Exercise material ::

━━━━━━━━━━━━━━━━

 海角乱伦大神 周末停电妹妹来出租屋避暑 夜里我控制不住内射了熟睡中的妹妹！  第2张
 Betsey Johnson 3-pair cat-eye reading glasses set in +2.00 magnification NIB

━━━━━━━━━━━━━━━━

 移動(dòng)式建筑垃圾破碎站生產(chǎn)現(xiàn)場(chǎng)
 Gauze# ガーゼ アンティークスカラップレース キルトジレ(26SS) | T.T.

━━━━━━━━━━━━━━━━

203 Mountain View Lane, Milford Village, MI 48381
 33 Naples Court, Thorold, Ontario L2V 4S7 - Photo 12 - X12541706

━━━━━━━━━━━━━━━━

Work order ::
Send back an exact copy of only the lines from the line with "海角乱伦大神 周末停电妹妹来出租屋避暑 夜里我控制不住内射了熟睡中的妹妹！" up to and including the line with "Betsey Johnson 3-pair" in the data above.

Task solution ::
 海角乱伦大神 周末停电妹妹来出租屋避暑 夜里我控制不住内射了熟睡中的妹妹！  第2张
 Betsey Johnson 3-pair cat-eye reading glasses set in +2.00 magnification NIB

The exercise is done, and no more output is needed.